USDA also has brought in GovLab, a non-profit, to create a focus group or discussion on data usage with state, local, federal government entities and those in the private sector. Jones said the goal is to figure out how best the agency can provide data to help with current and future projects.
Jones said USDA will develop a data management and an open data policy in 2015. The data management policy will focus on standard, data cleansing and ownership issues. The open data policy will try to address USDA’s approach to releasing data to the public.
One of the few CDOs
The Transportation Department is ahead of USDA, but like most agencies still has plenty of work to do.
Dan Morgan, DoT’s chief data officer (CDO), said there is the opportunity to do more and get information faster if the agency can ease the path to find and use the data.
“I need to be able to generate a framework for action,” Morgan said. “Quality means different things to different data sets. If you want to be the authoritative, trusted data source then your standard of quality is higher than if you’re a good information source or just another database of conference reservations. We need to be smart about how we do that. Quality matters differently in the statistical world, in the research world, in the mission world, and in the administrative world. They are all the same measures, but how you manage that quality differs based on the kind of application and how authoritative and trusted it needs to be in your agency. We are trying to put the framework in place to say what that is and give people the tools to actually measure and manage quality, and be able to actually see whether or not their data set is hitting those standards.”
He said the tools are key because DoT or OMB or the public can’t expect the program folks to release data or use information to make decisions without the software and dashboards to help the data make sense.
The recognition of the value and importance of data is far from new. For the last five or more years, agencies have focused on securing, sharing, analyzing, managing and collecting information. But the chief data officer is an emerging role across government. DoT was one of the first agencies to hire a CDO. The departments of Energy and Commerce are in the final stages of hiring a CDO, and USDA’s Jones is an acting CDO, which means he or someone will be permanent in the near future.
What’s unclear is how will the CDO’s role differentiate from the chief information officer.
This issue becomes more important as agencies hand off the day-to-day management of commodity IT services and systems, such as email, collaboration, data centers and even human resources and financial management systems.
Morgan said his role centers around three tracks: govern, engage and enable.
“Govern is really that information management, eat your vegetables kind of stuff that we need to put a bigger focus on. We are putting together common practices to have all of the components that are part of DoT have products about information management that actually talk to each other,” he said. “The second piece of engagement is really around not only external engagement which the open data policy espouses, we have a history and a real business reason to be open and transparent with the American people. We need to appreciate that and just do better at that. There’s a lot of coaching and then really bringing people to understand how newer folks who are building interesting Web-based applications are applying our data, and what that means for the way we produce and release that data to the public.”

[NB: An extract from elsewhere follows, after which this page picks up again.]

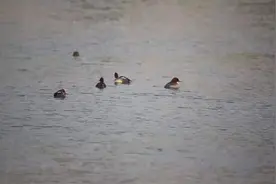 73秒 | 蓬莱阁下夕阳暖 鸬鹚戏水起波澜视频封面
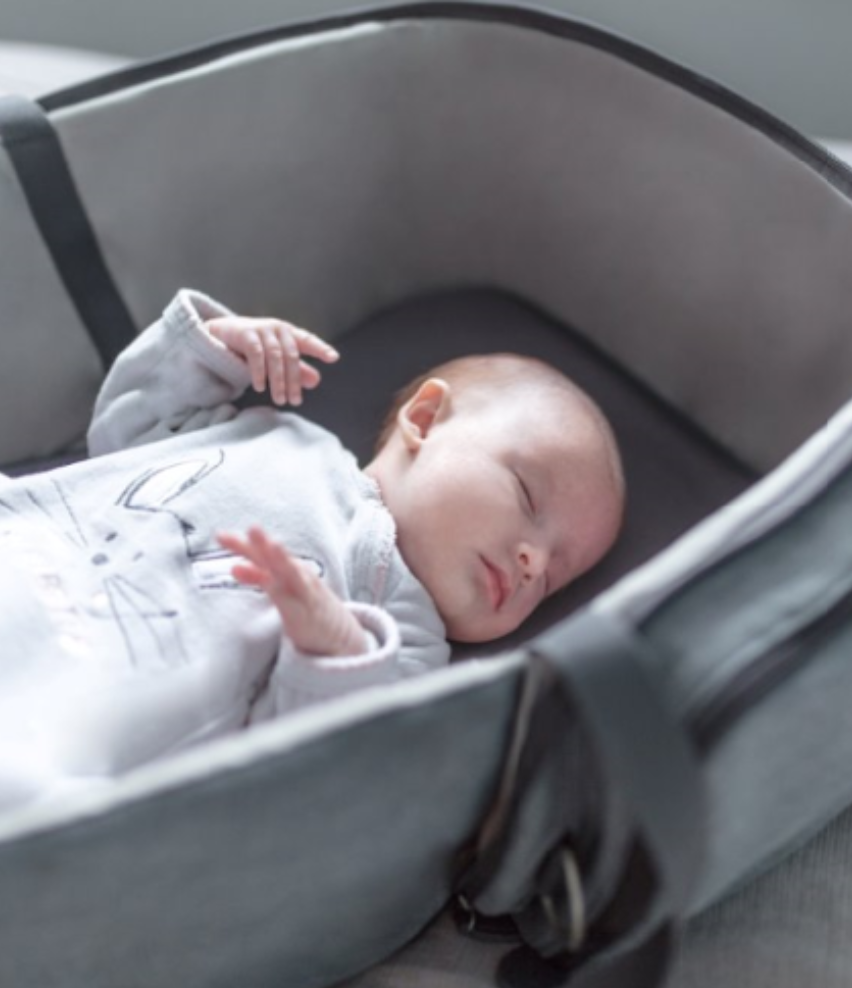 Travelnest Compact 2-in-1 Carrycot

Around enable, Morgan said the goal is to create a safe space for DoT employees to try new technologies.
He said he wants to aggregate the risk at his level so there isn’t a fragmented approach to data analytics and the use of these tools.

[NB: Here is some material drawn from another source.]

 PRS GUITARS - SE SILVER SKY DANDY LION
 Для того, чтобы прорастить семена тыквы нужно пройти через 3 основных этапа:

At USDA, Jones said as acting CDO, he’s trying to help the agency deal with an assortment of issues, including data cleansing and meeting all the requirements outlined in OMB’s policy.

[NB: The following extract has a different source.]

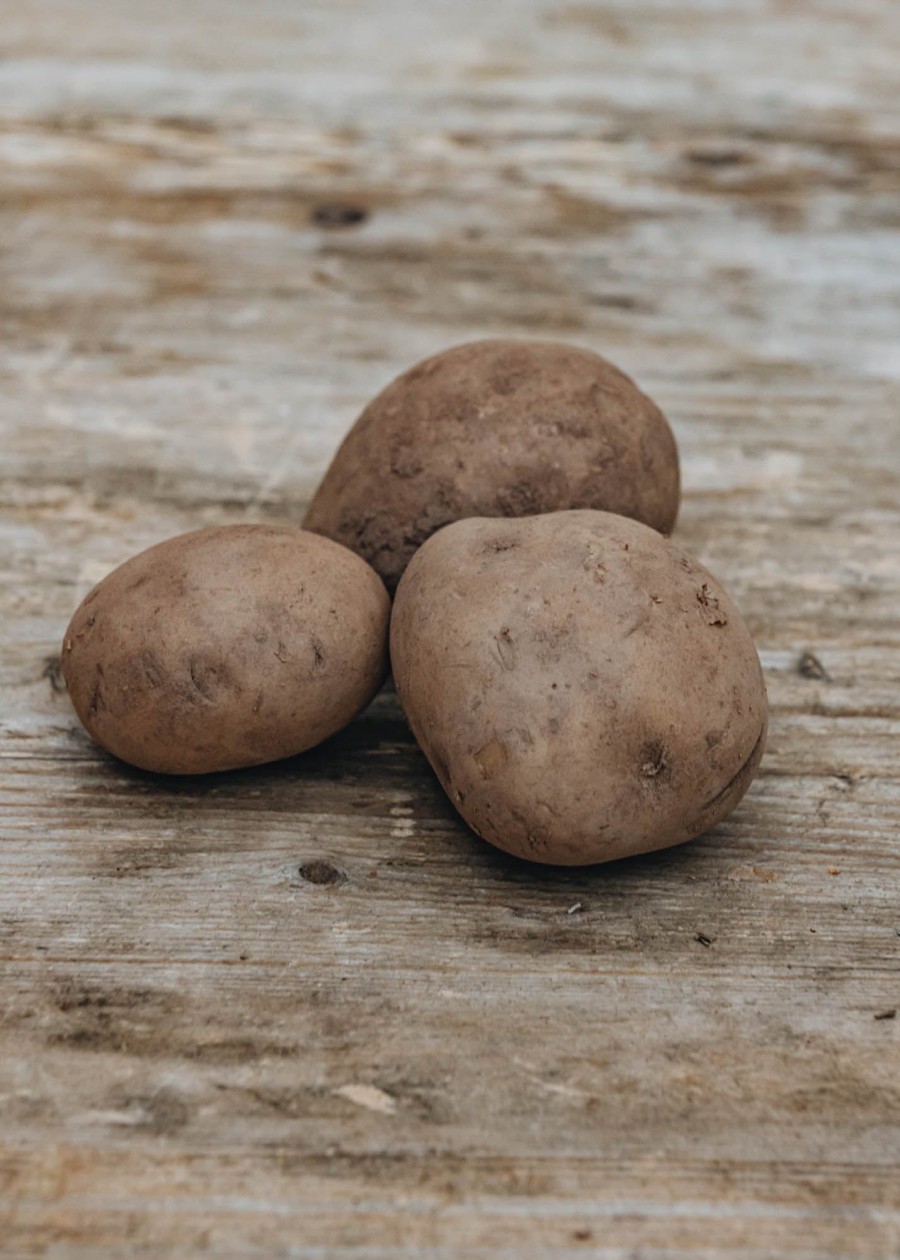Plants Taylors Bulbs Seed Potatoes | Potato 'Saxon'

Jones said USDA is grappling with several of those issues.
“We have a requirement every quarter to report to OMB our top five data users. It’s very difficult to do because there’s a lot of things that go into determining the top five. I must be honest with you, we report various agencies, organizations, industry that we know are using our data. Now that top five, we don’t really have a way to gauge that yet,” he said. “I would like to work closer with industry, academia and other organizations to come up with a mechanism for gauging data usage.”
Donna Roy, the executive director of the Homeland Security Department’s Information Sharing Environment Office, said her offices relies on usage metrics including who uses the data, how often they use it, what parts of the data are used the most and what challenges do customers have in using the data?
But DHS is probably further along than most agencies when it comes to using data, specifically terrorism related data.
Roy said DHS has four major data-centric programs, including the Homeland Security Information Network (HSIN) and the Identity Credentialing and Access Management (ICAM).
DHS recently launched a new data effort as well.
“A program called the Data Framework is the most exciting thing we are doing at the department. The Data Framework is the place where we will put our most highly valued data assets into an environment — the unclassified level and the classified level &mash; to be able to better use our data against the current counter terrorism threat facing this country today, which is evolving very quickly,” Roy said. “The Data Framework, while new, is one of the secretary’s highest priorities. We are getting a lot of focus, a lot of energy and a lot of sponsorship around the Data Framework.”
She said in many respects, the data framework is the culmination of much of the work she and DHS have been doing over the last six or seven years.
The Data Framework is part of how DHS is moving highly valued data sets into what Roy called a “data lake,” which tags the information with access controls, ownership and other meta data, and makes it accessible to the right people at the right time.
Another example of the impact of data sharing comes from DoT.
Morgan said Transportation piloted putting the safety records of bus operators on the Web as a way to inform and maybe influence people on the safety records of these companies, He said it was such as huge success, the Federal Motor Safety Carrier Administration made all of its public data available through a Web service.